_AIM OF THE TASK_
Copy out and return the lines from the one holding "shab e barat 2024" to the end of the listing below, both included, omitting the pictures.

_STORED DATA_

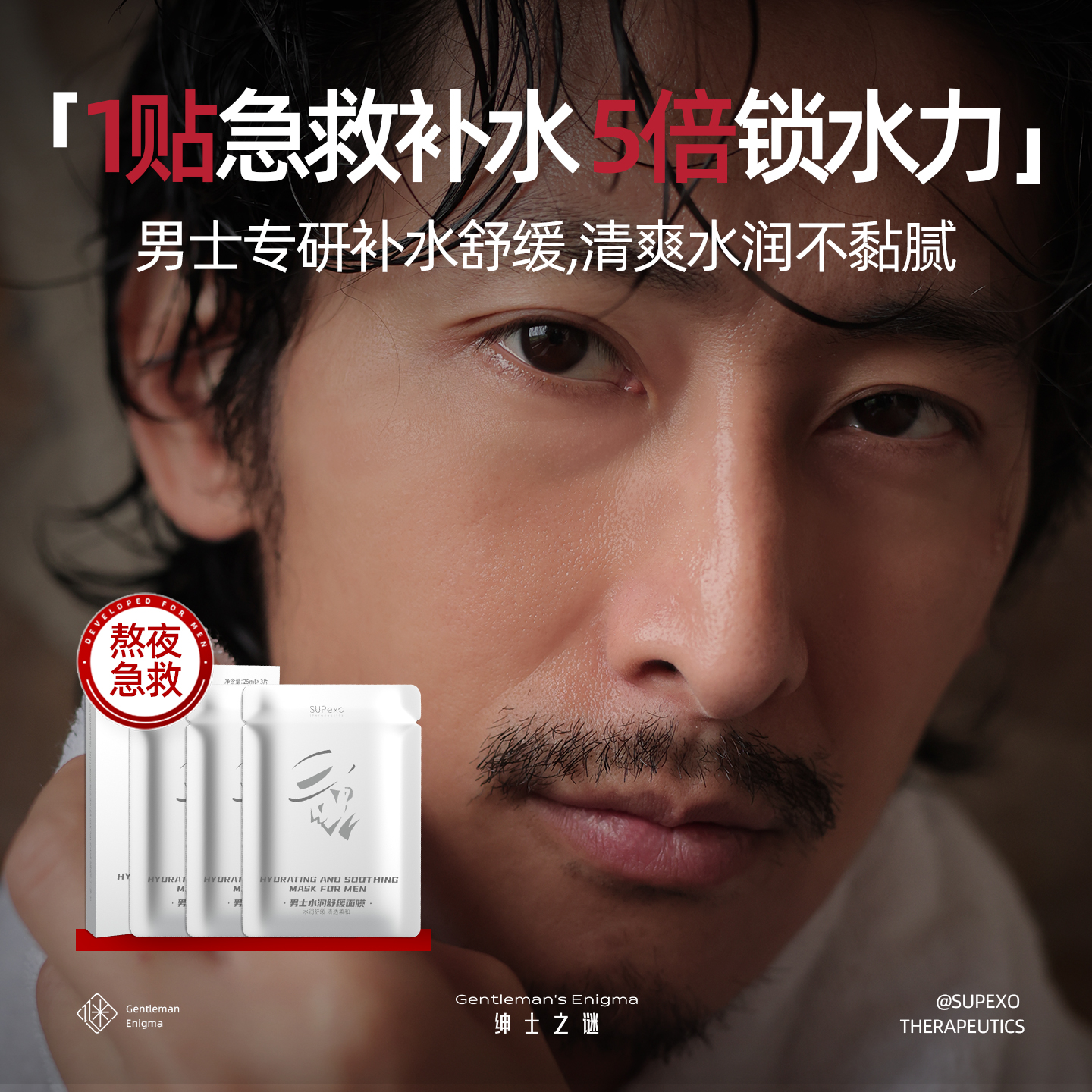 男士专用补水保湿修护面膜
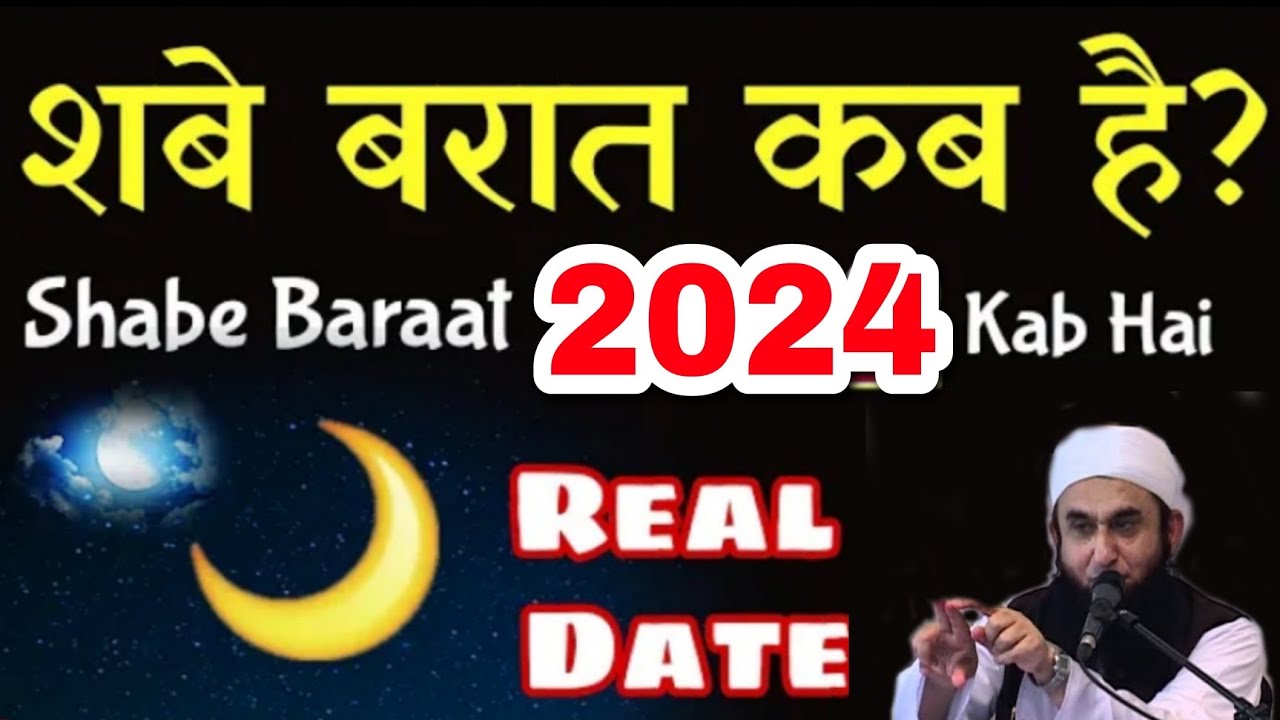 shab e barat 2024 date in india | shab e barat kab hai 2024 mein | calendar | the islamic world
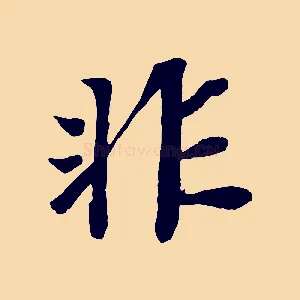 非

_SOLUTION TO THIS PROBLEM_
 shab e barat 2024 date in india | shab e barat kab hai 2024 mein | calendar | the islamic world
 非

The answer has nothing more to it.